Those numbers may not seem particularly daunting at first glance, but they can escalate very quickly. In fact, according to the 2019 LexisNexis True Cost of Fraud study, each dollar of fraud costs the merchant $3.13 in revenue. That means a $100 chargeback results in more than $313 in losses once fees are added in. That’s a 6% increase over the previous year…and the numbers continue to grow.

Beyond Chargeback Fees: Monitoring Programs and More

While chargeback fees from the bank are bad enough, there are additional fees that can arise indirectly from chargebacks. As mentioned earlier, acquiring banks keep track of businesses with high chargeback numbers (or ones that are branded “high-risk” for some other reason). These merchants are often shuttled into a chargeback monitoring program.

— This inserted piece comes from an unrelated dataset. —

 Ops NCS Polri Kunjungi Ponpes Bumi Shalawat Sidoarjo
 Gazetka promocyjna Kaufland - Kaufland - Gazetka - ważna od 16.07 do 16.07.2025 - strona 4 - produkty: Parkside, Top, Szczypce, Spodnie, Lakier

Chargeback monitoring requires paying another fee; in this case, the fee is ongoing. Certain merchants might receive a grace period before fees kick in. However, acquirers usually expect high-risk merchants to begin payment as soon as they enter the program.

Businesses in a chargeback monitoring program are also subject to periodic “mitigation plan” reviews. These involve yet another merchant fee. And, the more chargebacks filed against a merchant, the more the fees pile up.

Despite the difficulties, merchants should dispute all fraudulent chargebacks, and attempt to recover revenue, merchandise, and shipping costs. This has long-term effects, as well, since chargebacks are black marks on a merchant’s reputation which can indirectly lead to multiple other costs as time goes by.

In fact, failure to reduce chargeback rates could result in higher processing fees or a frozen merchant account. In worst-case scenarios, merchants can even lose processing privileges altogether, which can cripple a business.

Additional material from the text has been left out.